Start of Block
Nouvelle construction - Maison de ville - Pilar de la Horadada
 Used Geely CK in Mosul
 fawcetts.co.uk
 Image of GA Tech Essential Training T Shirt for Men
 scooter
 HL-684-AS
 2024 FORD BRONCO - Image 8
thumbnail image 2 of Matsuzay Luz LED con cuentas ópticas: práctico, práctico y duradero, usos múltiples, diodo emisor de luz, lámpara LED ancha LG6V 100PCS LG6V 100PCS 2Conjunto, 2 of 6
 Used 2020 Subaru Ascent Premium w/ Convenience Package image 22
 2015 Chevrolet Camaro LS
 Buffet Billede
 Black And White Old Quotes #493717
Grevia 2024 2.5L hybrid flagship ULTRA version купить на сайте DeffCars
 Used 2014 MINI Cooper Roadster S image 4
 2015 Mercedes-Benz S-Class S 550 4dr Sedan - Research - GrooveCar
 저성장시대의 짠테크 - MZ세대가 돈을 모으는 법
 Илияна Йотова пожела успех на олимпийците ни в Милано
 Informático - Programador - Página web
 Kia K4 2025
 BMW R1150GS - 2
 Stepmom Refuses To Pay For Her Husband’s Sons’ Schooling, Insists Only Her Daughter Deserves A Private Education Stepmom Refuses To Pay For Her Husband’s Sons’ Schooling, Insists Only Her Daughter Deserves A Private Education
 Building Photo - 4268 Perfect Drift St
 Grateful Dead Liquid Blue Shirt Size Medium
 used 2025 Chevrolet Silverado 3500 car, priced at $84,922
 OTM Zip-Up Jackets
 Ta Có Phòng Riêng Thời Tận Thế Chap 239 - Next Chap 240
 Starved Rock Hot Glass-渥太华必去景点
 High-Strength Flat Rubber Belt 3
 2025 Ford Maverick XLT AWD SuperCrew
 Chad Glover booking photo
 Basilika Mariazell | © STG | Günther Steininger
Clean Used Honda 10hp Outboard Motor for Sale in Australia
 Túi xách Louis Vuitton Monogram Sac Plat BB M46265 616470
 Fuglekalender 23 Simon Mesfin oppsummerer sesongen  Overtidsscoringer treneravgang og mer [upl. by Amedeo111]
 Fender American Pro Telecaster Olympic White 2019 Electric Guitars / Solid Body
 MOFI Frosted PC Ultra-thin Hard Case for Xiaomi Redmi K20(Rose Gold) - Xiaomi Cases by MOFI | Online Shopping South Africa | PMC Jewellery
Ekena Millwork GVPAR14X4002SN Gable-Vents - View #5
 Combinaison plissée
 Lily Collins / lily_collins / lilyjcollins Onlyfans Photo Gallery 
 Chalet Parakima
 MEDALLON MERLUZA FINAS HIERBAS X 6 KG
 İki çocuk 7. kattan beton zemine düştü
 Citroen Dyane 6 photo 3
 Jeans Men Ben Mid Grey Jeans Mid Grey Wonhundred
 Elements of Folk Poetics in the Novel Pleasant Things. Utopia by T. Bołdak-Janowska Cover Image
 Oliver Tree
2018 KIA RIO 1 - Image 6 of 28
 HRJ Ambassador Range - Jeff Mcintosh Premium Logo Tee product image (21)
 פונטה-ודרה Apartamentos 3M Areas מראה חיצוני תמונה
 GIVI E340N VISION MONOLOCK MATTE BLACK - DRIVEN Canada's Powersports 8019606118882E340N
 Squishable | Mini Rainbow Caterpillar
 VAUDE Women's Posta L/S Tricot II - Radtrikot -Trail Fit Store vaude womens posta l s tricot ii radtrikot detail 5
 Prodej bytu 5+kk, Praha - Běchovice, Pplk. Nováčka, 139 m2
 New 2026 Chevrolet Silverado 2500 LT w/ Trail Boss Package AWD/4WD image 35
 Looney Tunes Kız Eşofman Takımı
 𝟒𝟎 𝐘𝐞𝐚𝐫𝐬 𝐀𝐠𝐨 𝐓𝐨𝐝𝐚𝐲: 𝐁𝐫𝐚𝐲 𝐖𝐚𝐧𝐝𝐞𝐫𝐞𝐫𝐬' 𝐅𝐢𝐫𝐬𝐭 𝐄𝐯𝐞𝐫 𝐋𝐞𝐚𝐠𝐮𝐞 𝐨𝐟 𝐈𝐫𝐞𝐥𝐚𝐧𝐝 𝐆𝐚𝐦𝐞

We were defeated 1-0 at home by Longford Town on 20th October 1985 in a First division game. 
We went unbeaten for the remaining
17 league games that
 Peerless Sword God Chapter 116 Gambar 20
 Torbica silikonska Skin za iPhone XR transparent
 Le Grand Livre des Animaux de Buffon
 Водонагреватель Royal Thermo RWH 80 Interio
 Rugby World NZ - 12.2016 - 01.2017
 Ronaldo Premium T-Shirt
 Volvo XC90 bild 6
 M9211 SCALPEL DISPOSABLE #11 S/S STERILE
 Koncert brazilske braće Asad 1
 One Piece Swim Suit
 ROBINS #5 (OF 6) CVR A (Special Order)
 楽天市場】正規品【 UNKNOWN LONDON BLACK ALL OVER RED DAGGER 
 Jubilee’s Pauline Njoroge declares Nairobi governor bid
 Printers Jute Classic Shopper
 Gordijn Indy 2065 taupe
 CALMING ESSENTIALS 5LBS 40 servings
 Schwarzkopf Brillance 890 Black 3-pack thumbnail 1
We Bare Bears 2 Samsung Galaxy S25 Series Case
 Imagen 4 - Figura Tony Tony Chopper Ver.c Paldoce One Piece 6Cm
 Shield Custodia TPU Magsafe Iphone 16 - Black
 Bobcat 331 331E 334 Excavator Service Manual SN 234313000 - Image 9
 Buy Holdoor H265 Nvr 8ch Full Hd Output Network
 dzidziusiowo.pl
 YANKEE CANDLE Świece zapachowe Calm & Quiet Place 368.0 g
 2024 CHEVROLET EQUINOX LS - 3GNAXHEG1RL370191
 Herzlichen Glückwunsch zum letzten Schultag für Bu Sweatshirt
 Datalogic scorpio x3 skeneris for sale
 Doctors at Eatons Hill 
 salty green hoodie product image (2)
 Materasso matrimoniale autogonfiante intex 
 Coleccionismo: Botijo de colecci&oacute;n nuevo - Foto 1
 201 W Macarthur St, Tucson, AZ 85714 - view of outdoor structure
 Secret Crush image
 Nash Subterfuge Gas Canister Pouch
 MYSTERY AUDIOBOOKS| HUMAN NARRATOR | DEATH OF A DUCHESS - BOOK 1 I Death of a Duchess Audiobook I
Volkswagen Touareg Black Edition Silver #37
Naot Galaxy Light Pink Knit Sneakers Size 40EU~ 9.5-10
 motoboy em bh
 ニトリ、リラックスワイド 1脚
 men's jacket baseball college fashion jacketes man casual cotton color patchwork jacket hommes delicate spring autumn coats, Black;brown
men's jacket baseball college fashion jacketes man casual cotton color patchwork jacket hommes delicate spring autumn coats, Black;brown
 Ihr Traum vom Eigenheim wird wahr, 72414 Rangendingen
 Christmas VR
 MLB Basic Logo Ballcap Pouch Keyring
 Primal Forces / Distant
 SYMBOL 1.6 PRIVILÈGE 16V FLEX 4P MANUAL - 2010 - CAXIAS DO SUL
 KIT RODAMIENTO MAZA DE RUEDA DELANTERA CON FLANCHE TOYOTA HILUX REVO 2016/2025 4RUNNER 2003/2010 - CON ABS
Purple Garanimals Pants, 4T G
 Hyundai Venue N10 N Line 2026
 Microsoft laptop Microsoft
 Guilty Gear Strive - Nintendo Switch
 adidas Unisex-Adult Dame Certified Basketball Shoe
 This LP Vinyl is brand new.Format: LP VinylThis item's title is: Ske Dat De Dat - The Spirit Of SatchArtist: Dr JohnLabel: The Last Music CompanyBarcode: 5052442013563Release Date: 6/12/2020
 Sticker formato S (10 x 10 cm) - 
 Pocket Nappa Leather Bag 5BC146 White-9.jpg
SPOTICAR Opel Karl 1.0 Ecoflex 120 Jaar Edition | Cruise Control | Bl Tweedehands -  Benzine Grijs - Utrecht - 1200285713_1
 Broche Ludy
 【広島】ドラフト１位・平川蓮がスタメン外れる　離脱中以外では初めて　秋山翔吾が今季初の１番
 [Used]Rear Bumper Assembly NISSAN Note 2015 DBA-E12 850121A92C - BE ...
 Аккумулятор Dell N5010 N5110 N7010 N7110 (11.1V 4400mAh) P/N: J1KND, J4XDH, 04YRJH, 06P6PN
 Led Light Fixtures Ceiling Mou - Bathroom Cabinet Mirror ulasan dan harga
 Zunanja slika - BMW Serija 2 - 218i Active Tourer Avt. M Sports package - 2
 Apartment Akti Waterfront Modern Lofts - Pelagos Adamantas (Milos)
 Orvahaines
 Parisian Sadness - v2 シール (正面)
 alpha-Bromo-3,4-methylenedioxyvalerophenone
End of Block
The answer must consist of every line from the listing above that includes the word "Light".

Naot Galaxy Light Pink Knit Sneakers Size 40EU~ 9.5-10
 Led Light Fixtures Ceiling Mou - Bathroom Cabinet Mirror ulasan dan harga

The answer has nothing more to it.